Du côté de Brazzaville, le projet de modernisation du complexe d’Inga inclut déjà un module de suivi ichtyologique. « C’est la première fois qu’un chantier énergétique national réserve une enveloppe dédiée aux corridors à poissons », se félicite un ingénieur du ministère de l’Économie fluviale.
Impact & solutions
La BAD propose un fonds bleu régional pour financer la reconnexion des plaines inondables et la restauration des berges. Chaque dollar investi apporterait jusqu’à neuf dollars de retour socio-économique, grâce à la hausse des captures, à la baisse des achats de protéines importées et à l’essor du tourisme nature.

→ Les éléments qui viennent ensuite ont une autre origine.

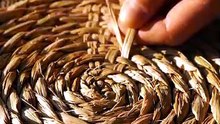 Reed Fibers Woven Into Spiral Pattern 🌾✨ Satisfying Craft Process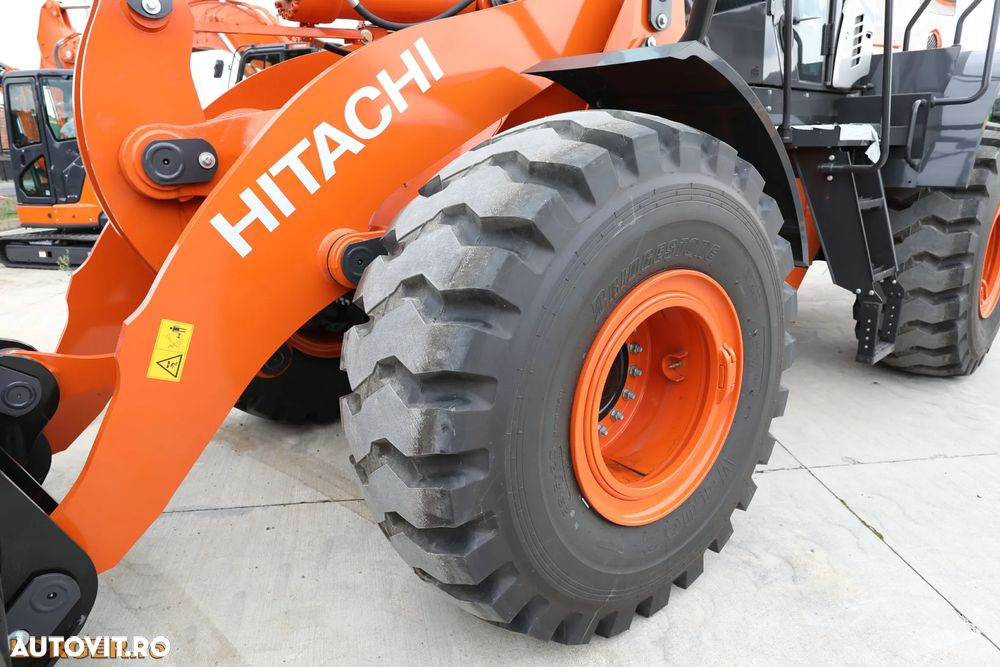 Hitachi ZW220-5A, An 2025, Made in Japan - 10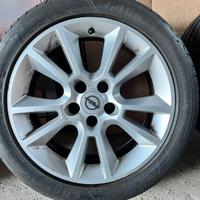 Goodyear efficentgrip performance 2 225/45 17
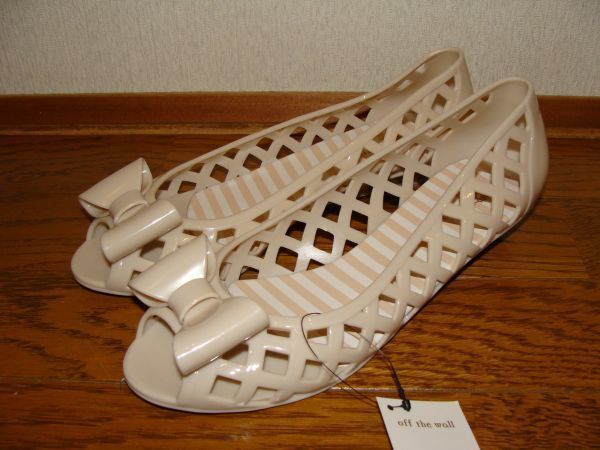 未使用長期保管品★off the wall /(株)ワールド★オープントゥーPVCパンプス L(7) M2拍卖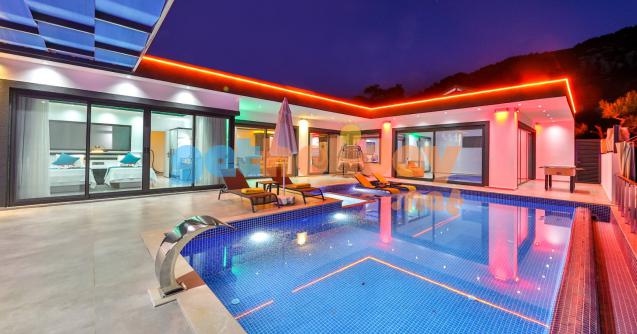 Kalkan İslamlar mevkiisinde konumlanmış Muhazafakar Isıtmalı kapalı havuzlu kiralık balayı villası, huzurlu ve konforlu bir tatil isteyen konuklarımız için en ideal seçeneklerden bir tanesidir
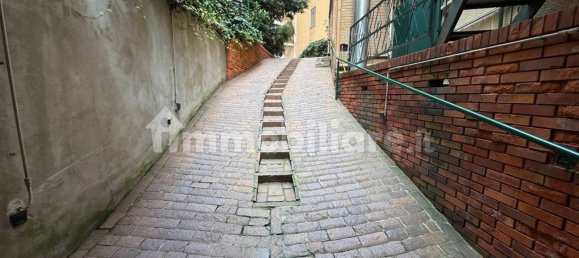  مرآب في Milan, Italy 15متر مربع رقم 378965 7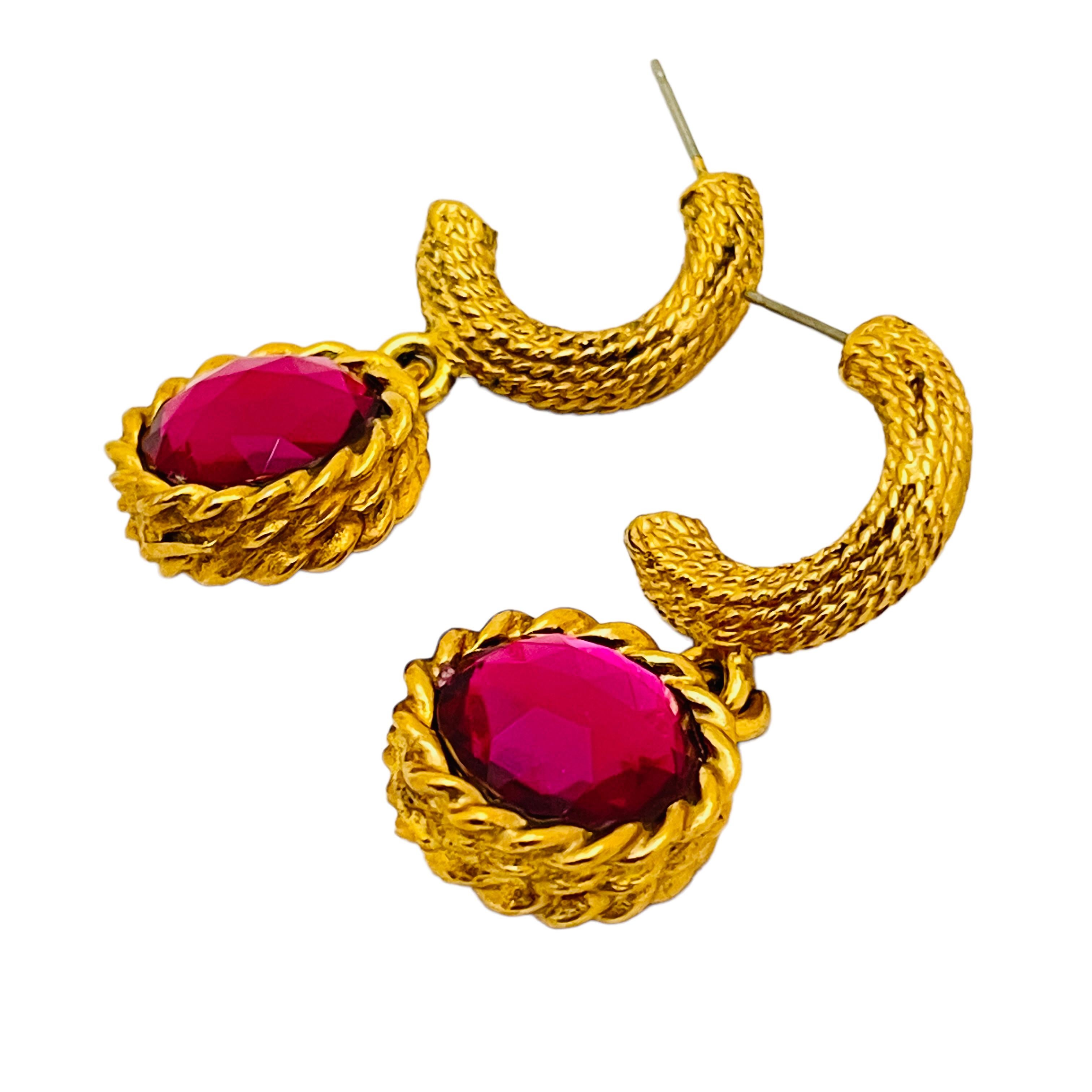 Women's or Men's Vintage gold fuchsia pink glass designer runway pierced earrings For Sale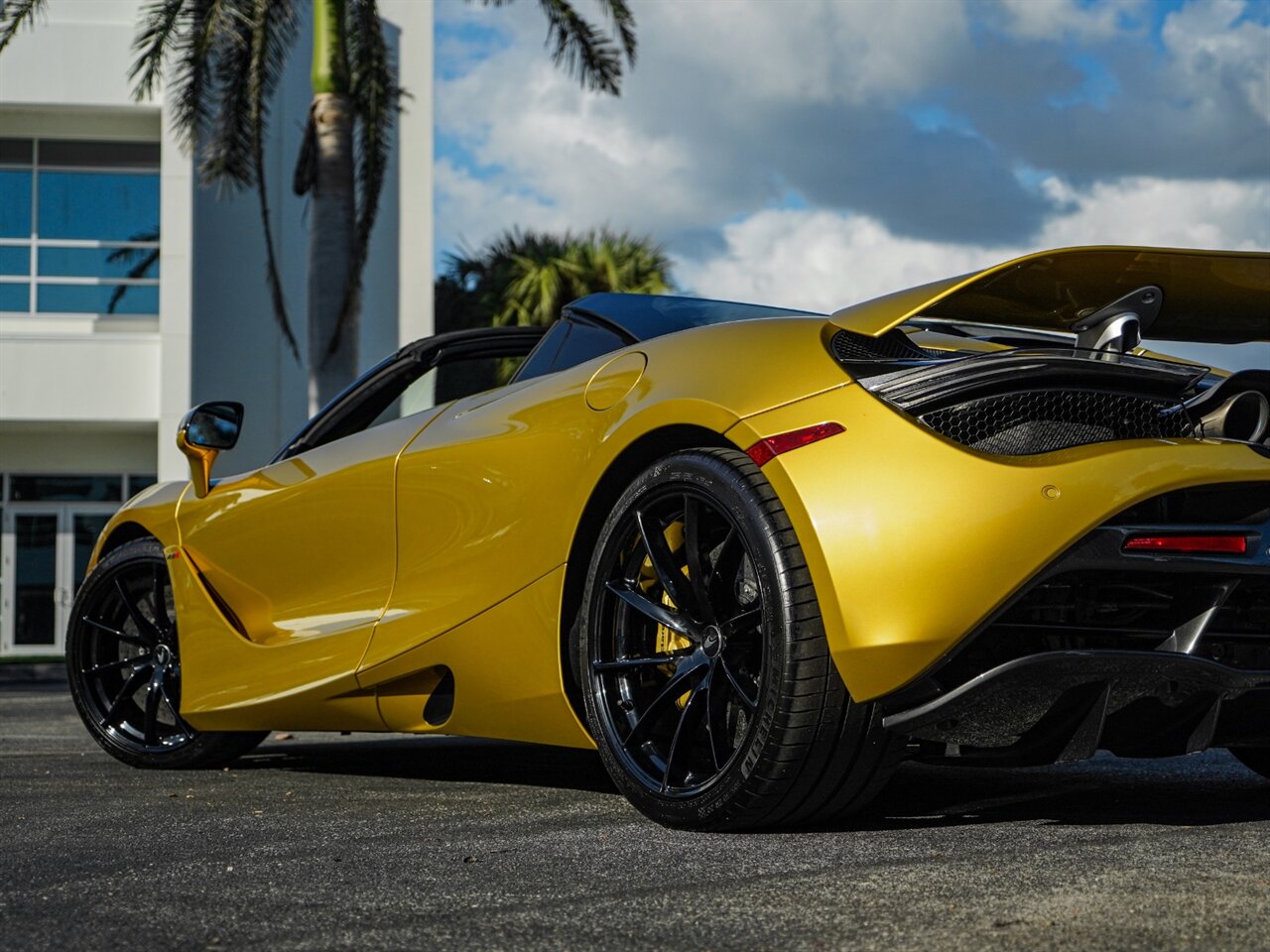 2020 McLaren 720S Spider Performance   - Photo 41 - Bonita Springs, FL 34134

Au niveau local, des piroguiers de la Sangha testent des frayères artificielles en bois mort, pendant que l’université Marien-Ngouabi développe des briquettes filtrantes à base de jacinthe d’eau pour dépolluer les affluents urbains. Ces initiatives pilotes pourraient être répliquées le long des 4 000 kilomètres de cours d’eau nationaux.
À savoir
La pêche continentale représente déjà 1,7 % du PIB congolais selon les dernières statistiques nationales. Les licences sont délivrées par la Direction générale de l’économie fluviale, qui exige désormais un plan de remise en état des berges pour tout permis commercial de plus de cinq canots motorisés.
Les marchés de Pointe-Noire valorisent de plus en plus les poissons issus de pratiques labellisées « Habitat restauré ». Ce sceau, lancé l’an dernier par des coopératives de pêche, garantit des mailles conformes et une participation aux journées de reboisement riverain organisées par l’administration locale.
Comment y aller
Depuis Brazzaville, des compagnies fluviales assurent trois rotations hebdomadaires vers Mossaka et Ouésso. La haute saison, entre juillet et octobre, coïncide avec la grande migration des carpes tigre ; les observateurs naturalistes sont les bienvenus, à condition de respecter les aires de ponte balisées.